When you reach the line that contains "تجار وسائقون يتظاهرون" in the data below, start reproducing lines exactly, and stop after the line that contains "3 Schlafzimmer, Schreibtisch, Bügeleisen/Bügelbrett, kostenloses".

THE DATA Start Marker

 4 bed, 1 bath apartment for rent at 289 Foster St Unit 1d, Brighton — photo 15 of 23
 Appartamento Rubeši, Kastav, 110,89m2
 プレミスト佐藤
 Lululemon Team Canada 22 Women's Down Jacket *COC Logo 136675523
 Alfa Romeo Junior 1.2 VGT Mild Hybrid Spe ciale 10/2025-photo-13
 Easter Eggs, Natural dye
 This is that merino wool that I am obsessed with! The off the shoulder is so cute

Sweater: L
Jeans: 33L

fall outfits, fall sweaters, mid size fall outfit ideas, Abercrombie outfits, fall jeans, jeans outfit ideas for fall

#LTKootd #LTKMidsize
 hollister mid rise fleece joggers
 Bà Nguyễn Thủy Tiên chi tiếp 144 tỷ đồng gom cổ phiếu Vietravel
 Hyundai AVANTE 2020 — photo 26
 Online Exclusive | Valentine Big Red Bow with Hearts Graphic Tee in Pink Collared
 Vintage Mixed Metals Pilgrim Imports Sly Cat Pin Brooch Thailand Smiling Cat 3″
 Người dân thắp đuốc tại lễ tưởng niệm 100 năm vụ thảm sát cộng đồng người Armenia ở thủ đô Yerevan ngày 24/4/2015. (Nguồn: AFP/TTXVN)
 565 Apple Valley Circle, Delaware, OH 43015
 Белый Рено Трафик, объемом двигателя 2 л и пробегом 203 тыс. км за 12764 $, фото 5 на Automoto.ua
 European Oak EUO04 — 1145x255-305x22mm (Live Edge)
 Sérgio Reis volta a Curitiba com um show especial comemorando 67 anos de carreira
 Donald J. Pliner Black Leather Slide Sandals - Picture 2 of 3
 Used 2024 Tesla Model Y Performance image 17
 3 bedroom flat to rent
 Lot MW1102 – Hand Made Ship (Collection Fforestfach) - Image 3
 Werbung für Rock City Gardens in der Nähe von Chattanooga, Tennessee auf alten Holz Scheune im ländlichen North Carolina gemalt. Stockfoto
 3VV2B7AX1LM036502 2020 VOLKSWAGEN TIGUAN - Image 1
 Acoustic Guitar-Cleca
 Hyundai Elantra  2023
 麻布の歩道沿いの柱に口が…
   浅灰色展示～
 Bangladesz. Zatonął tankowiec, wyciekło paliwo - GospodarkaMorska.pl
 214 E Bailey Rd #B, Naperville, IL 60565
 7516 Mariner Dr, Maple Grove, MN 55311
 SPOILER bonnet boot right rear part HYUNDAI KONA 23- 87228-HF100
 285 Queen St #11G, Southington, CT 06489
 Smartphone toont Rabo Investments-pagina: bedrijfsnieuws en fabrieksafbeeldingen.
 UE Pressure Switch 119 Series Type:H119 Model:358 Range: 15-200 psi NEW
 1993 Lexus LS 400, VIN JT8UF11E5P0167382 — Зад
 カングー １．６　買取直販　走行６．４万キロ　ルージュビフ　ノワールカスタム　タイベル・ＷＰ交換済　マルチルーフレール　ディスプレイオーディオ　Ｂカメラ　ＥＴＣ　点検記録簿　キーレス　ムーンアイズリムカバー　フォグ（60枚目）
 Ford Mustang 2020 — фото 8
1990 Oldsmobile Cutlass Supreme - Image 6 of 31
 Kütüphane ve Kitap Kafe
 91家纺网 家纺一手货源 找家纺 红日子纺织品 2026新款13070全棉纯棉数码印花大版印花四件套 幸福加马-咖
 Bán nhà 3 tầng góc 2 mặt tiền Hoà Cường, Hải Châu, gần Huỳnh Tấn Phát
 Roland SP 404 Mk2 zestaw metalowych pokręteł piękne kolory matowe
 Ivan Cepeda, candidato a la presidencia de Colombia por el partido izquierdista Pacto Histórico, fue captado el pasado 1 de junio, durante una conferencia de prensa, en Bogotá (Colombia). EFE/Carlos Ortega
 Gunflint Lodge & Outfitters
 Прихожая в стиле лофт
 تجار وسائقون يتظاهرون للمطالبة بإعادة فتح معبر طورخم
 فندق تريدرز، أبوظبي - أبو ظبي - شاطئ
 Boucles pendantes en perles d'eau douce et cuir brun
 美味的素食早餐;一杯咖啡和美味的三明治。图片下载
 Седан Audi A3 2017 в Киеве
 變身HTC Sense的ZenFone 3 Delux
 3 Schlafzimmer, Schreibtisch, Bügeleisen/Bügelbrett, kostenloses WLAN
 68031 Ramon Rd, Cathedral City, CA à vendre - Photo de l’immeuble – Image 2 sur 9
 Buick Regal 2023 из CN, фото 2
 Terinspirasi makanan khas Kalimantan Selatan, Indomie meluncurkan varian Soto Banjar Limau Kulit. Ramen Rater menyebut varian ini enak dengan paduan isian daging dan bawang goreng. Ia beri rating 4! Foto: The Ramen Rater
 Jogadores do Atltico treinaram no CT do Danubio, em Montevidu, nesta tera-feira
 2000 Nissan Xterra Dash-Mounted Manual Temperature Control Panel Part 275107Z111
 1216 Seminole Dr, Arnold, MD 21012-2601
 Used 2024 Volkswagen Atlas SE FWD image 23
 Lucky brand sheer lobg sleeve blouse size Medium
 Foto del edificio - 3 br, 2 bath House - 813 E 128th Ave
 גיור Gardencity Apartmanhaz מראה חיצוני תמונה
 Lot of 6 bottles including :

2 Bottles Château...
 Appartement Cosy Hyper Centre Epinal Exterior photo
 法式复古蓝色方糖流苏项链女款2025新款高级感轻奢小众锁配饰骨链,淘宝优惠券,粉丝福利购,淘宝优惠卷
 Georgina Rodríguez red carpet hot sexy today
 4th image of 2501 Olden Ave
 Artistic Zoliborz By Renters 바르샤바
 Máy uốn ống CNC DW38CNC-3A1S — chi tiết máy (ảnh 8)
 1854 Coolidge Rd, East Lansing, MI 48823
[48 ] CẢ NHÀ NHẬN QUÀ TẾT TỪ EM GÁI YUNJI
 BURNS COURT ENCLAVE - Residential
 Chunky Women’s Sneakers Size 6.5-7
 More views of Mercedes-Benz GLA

THE DATA End Marker

SOLUTION FOR THIS PROBLEM
 تجار وسائقون يتظاهرون للمطالبة بإعادة فتح معبر طورخم
 فندق تريدرز، أبوظبي - أبو ظبي - شاطئ
 Boucles pendantes en perles d'eau douce et cuir brun
 美味的素食早餐;一杯咖啡和美味的三明治。图片下载
 Седан Audi A3 2017 в Киеве
 變身HTC Sense的ZenFone 3 Delux
 3 Schlafzimmer, Schreibtisch, Bügeleisen/Bügelbrett, kostenloses WLAN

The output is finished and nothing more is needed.